(Captioned web image data)
========
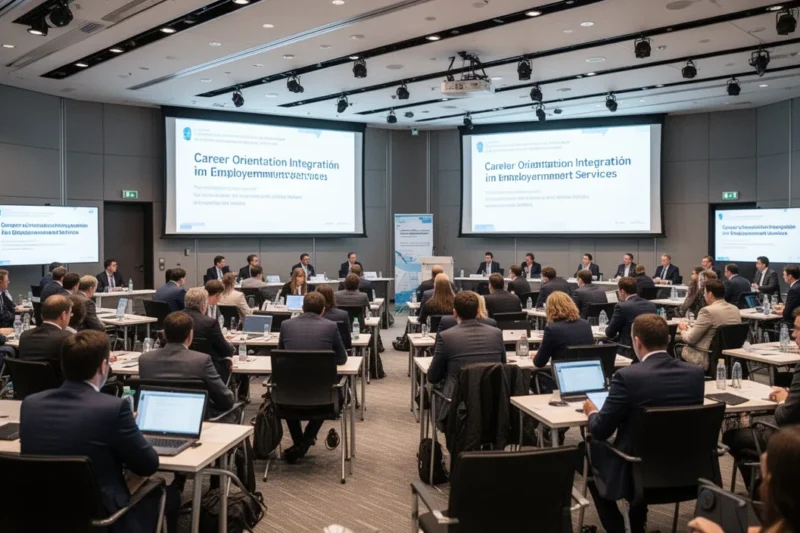 Sala moderna durante un congreso sobre orientación profesional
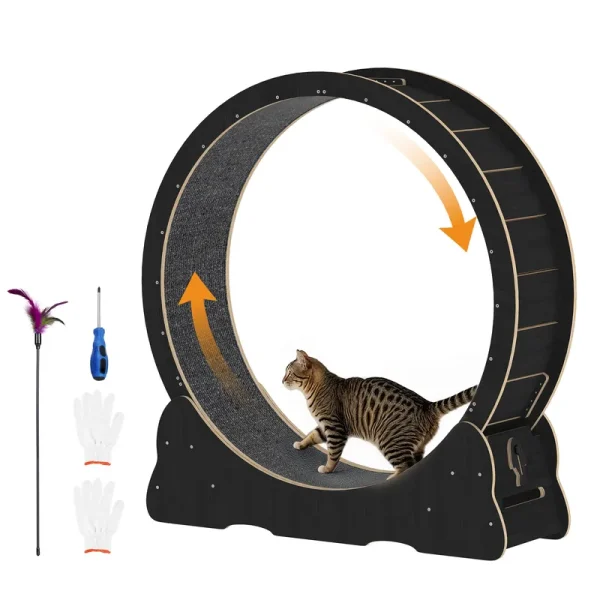 AECOJOY Cat Wheel for Indoor Cats, Quiet Large Cat Treadmill with Detachable Carpeted Runway, 41.3” Exercise Running Wheel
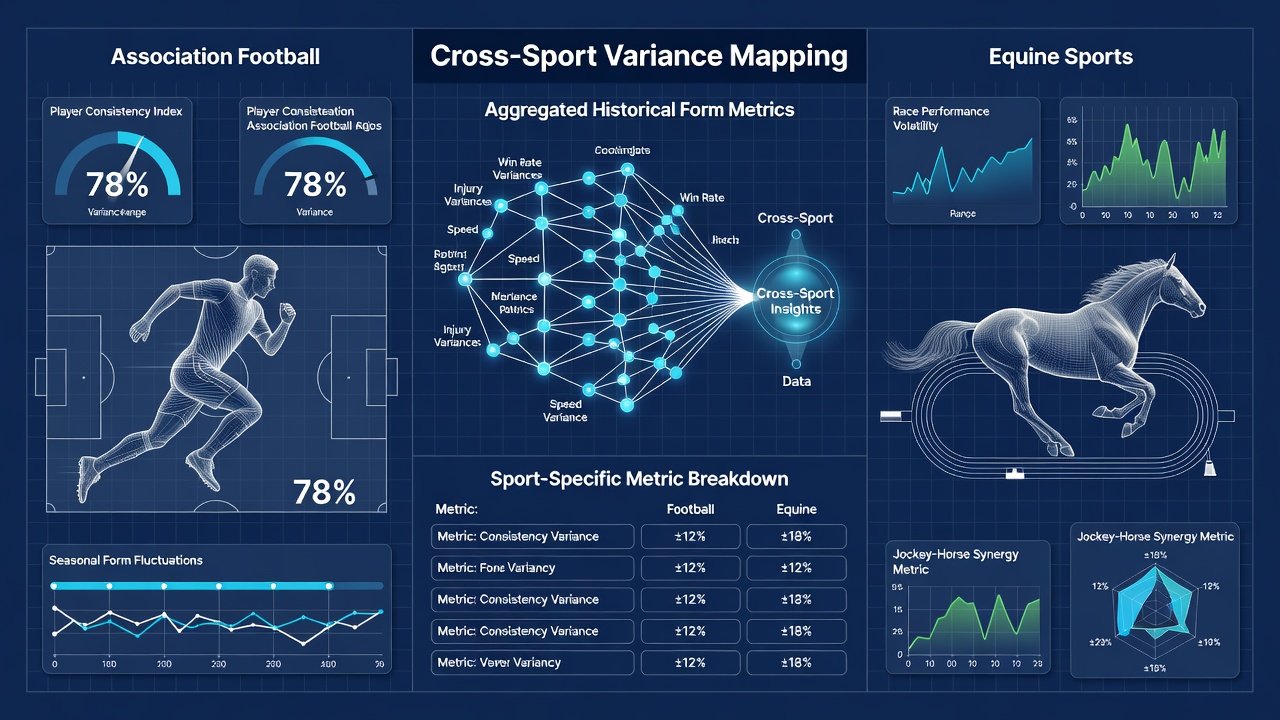 Heat map visualization showing variance clusters between soccer, racing, and tennis performance periods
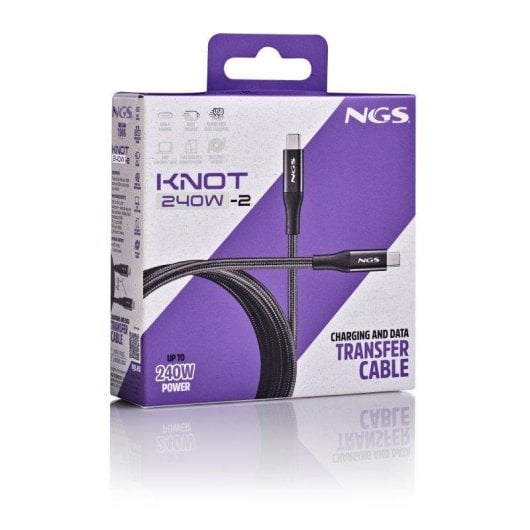 Cable USB C NGS KNOT 240W-2 2m 40Gbps USB 4.0 Trenzado Negro
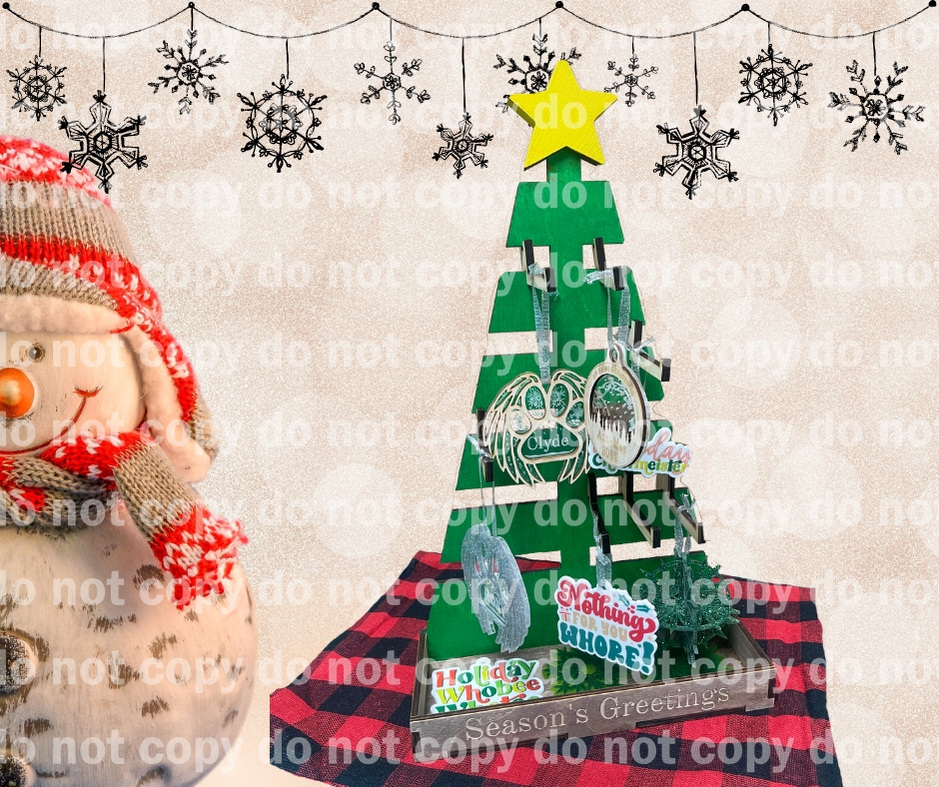 Árbol de Navidad navideño Estantes de exhibición de madera cortados con láser y personalizados con ganchos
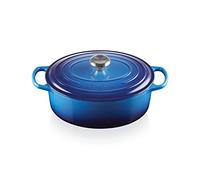 Le Creuset, Cocotte Signature en Fonte Émaillée avec Couvercle, Ø 31cm, Ovale, Compatible avec Toutes Sources de Chaleur (Induction Incluse), Capacité : 6.3 L, 5.705 kg, Azure, 21178312202430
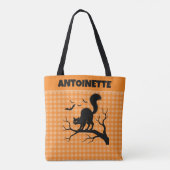 Halloween Black Cat on Tree Orange Gingham Plaid Tasche (Rückseite)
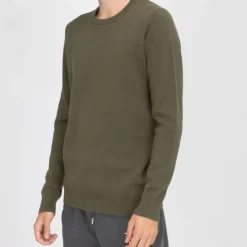 BILL TORNADE Pull fin col rond milano manches longues Homme VERT FONCE New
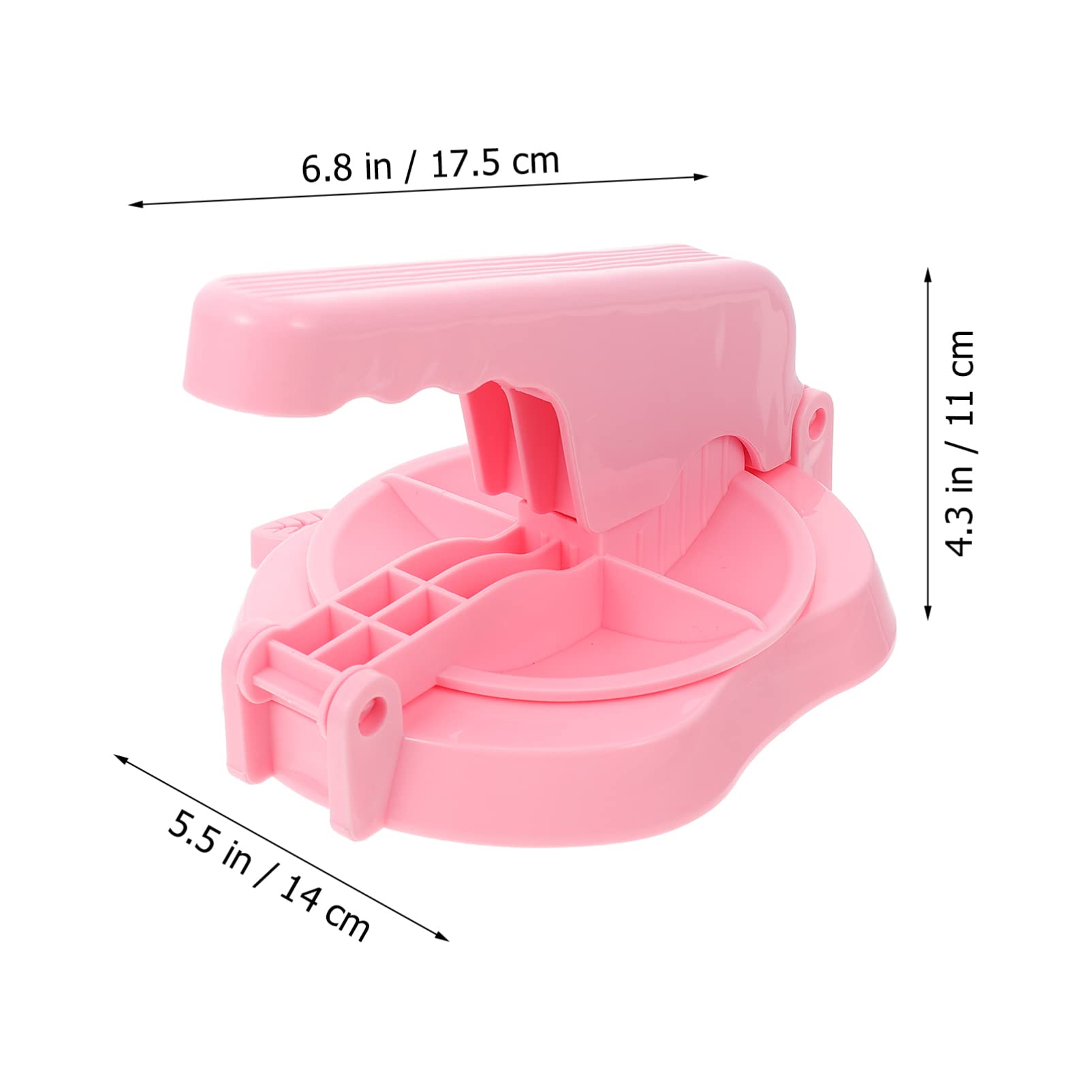 Hemoton 2-Piece Dumpling Maker Set - Authentic Ravioli Press, Tortilla Maker & Pastry Dough Press Tool for Homemade Dumplings, Wontons & Tortillas - Perfect Kitchen Gadget for Asian & Mexican Cuisine - Pink Rotary Design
========
• Exercise brief
What you return must match, character for character, the lines above from the one with "AECOJOY Cat Wheel" through the one with "BILL TORNADE Pull", minus any pictures.

• Task result
 AECOJOY Cat Wheel for Indoor Cats, Quiet Large Cat Treadmill with Detachable Carpeted Runway, 41.3” Exercise Running Wheel
 Heat map visualization showing variance clusters between soccer, racing, and tennis performance periods
 Cable USB C NGS KNOT 240W-2 2m 40Gbps USB 4.0 Trenzado Negro
 Árbol de Navidad navideño Estantes de exhibición de madera cortados con láser y personalizados con ganchos
 Le Creuset, Cocotte Signature en Fonte Émaillée avec Couvercle, Ø 31cm, Ovale, Compatible avec Toutes Sources de Chaleur (Induction Incluse), Capacité : 6.3 L, 5.705 kg, Azure, 21178312202430
 Halloween Black Cat on Tree Orange Gingham Plaid Tasche (Rückseite)
 BILL TORNADE Pull fin col rond milano manches longues Homme VERT FONCE New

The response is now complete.